Osoby w moim wieku - ok 20 lat różnie - niektórzy zaangażowali się w solidarność.
Inni pozostali w starych organizacjach lub wstąpili jednocześnie do Solidarności.

W stanie wojennym narodziły się także pierwsze biznesy. Kontrabanda.

Generał umarł, ale to nie przeszkadza by nadal analizować jego wybory życiowe.

Dla mnie ciekawym jest aspekt- pogrzebu w asyście kościoła.
Wynika z tego, że Jaruzelski był chrześcijaninem?


Jaruzelski nie żyje - Machefi - 31.05.2014

Ochrzczony był. Ba, z rodziny ziemiańskiej, sybirak.
Nawrócił się na łożu śmierci, cóż, ponoć w niebie większa radość z powodu jednego nawróconego grzesznika niż tysiąca bogobojnych.


Jaruzelski nie żyje - semele - 31.05.2014

Machefi napisał(a):Ochrzczony był. Ba, z rodziny ziemiańskiej, sybirak.
Nawrócił się na łożu śmierci, cóż, ponoć w niebie większa radość z powodu jednego nawróconego grzesznika niż tysiąca bogobojnych.

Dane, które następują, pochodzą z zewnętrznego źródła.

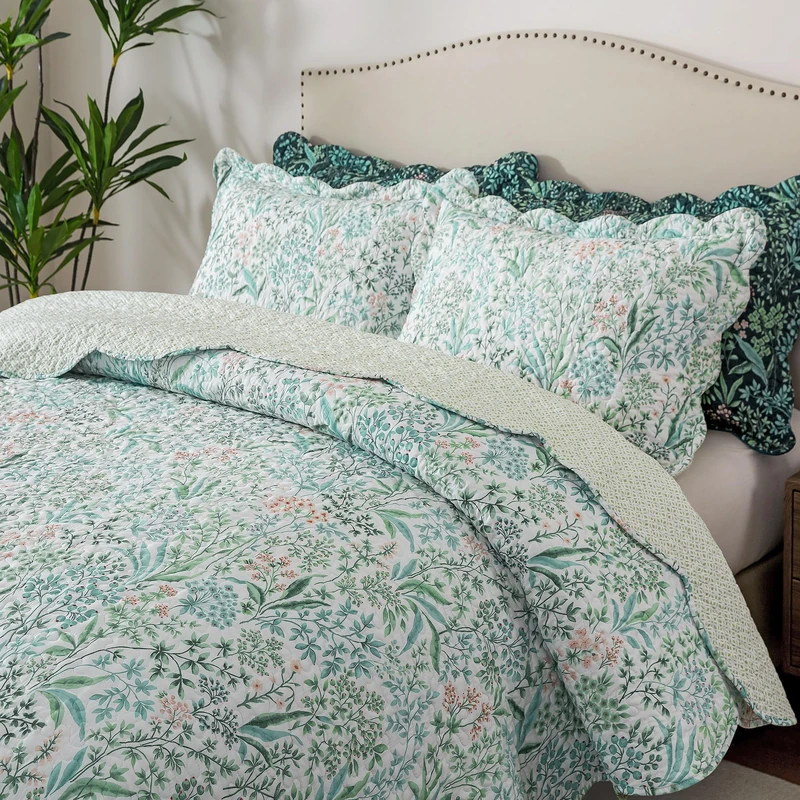 HoneiLife Botanical Quilt King Size - Floral Quilt Sets 3-Piece, Microfiber Bedspreads Wildflower Coverlets Lightweight Bed Cover, King Size Quilt Bedding Sets Spring/Summer Use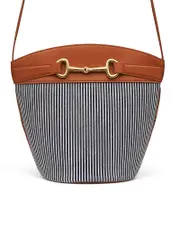 Celine Crecy Bucket Bag in Stripped Canvas and Smooth Leather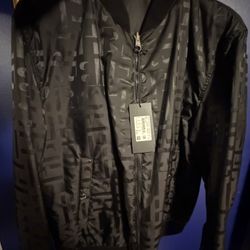 Hugo Boss reversible blouson jacket with all over monograms 46R Black Z01(contact info removed)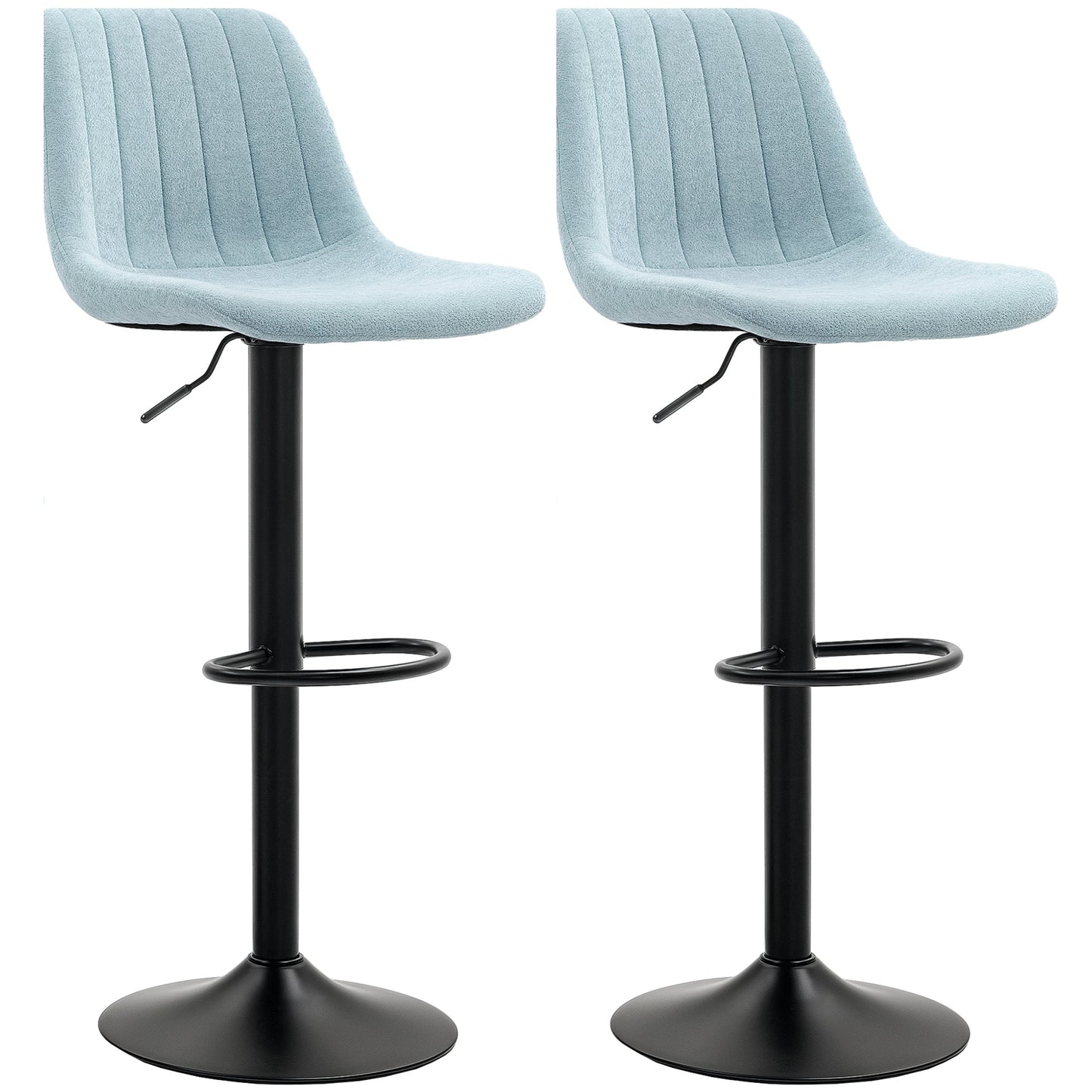 HOMCOM Bar Stools Set of 2 Adjustable Swivel Bar Chairs with Backrest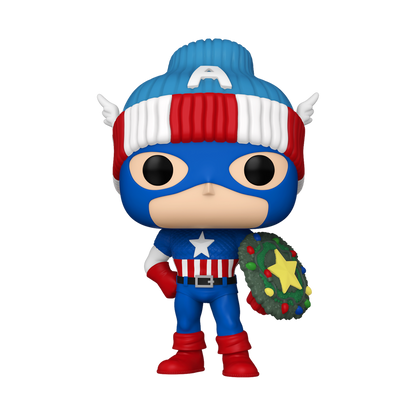 Pop! Captain America avec Couronne de Noël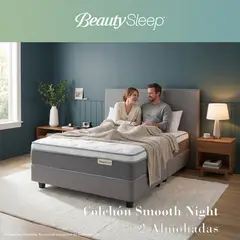 BEAUTYSLEEP - Colchón Doble Smooth Night + 2 Almohadas
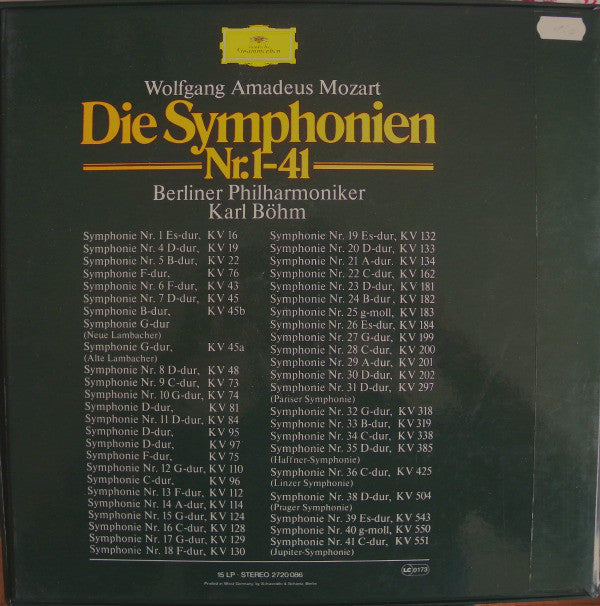 Wolfgang Amadeus Mozart - Karl Böhm, Berliner Philharmoniker : Die Symphonien Nr.1-41 (15xLP, Comp + Box)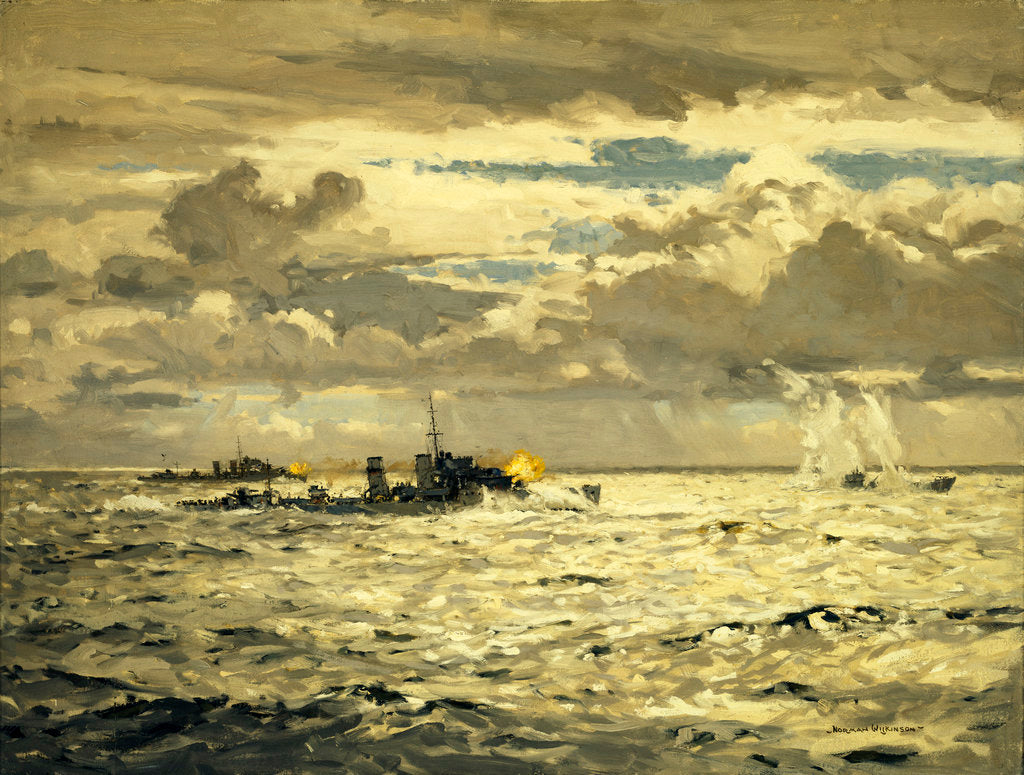 Detail of A destroyer sinking a submarine by Norman Wilkinson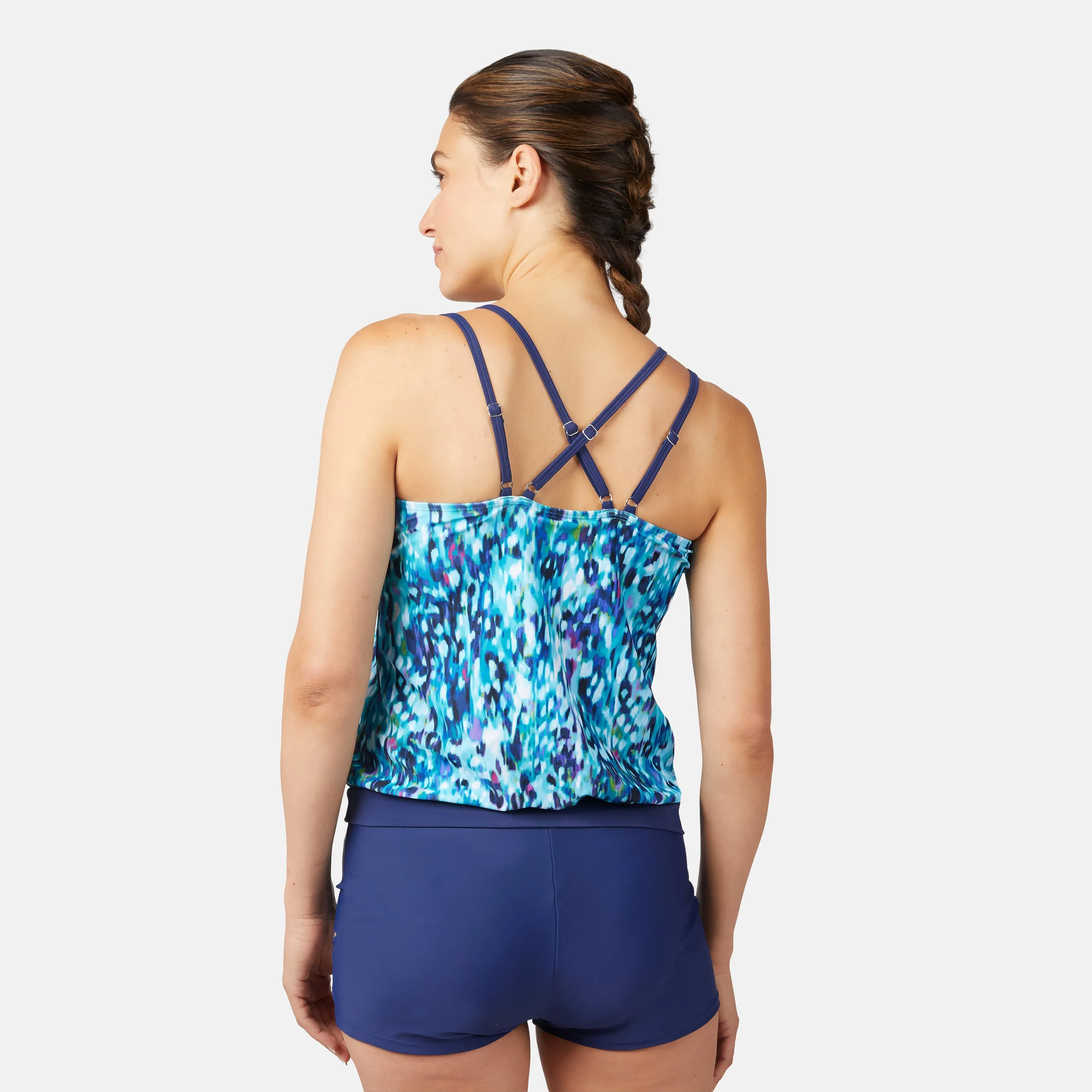 Women's Cascading Skin Double Strap Cut Out Blouson Tankini Top sold by Zulily product image thumbnail 5
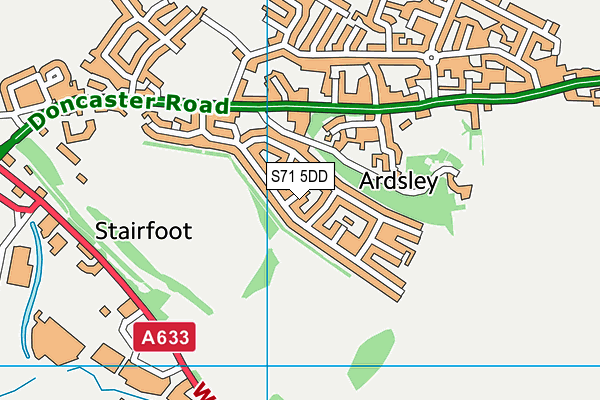 S71 5DD map - OS VectorMap District (Ordnance Survey)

Kwaśniewski też będzie miał katolicki pogrzeb.
Niewierzący praktykujący.
Uśmiech

Myślisz,że Jaruzelski się nawrócił?


Jaruzelski nie żyje - Machefi - 31.05.2014

semele napisał(a):Myślisz,że Jaruzelski się nawrócił?
Tę tajemnicę zabrał do grobu, zewnętrzne warunki nawrócenia, wdług kleru, spełnił.


Jaruzelski nie żyje - Hans Żydenstein - 31.05.2014

semele napisał(a):Myślisz,że Jaruzelski się nawrócił?

Ja myślę, że dał się nabrać na zakład pascala.


Jaruzelski nie żyje - Battlecruiser - 31.05.2014

Pogrzeb Jaruzela pokazał, że PO jest partią jawnie postkomunistyczną. I na nic tu wierzgi Pilastra.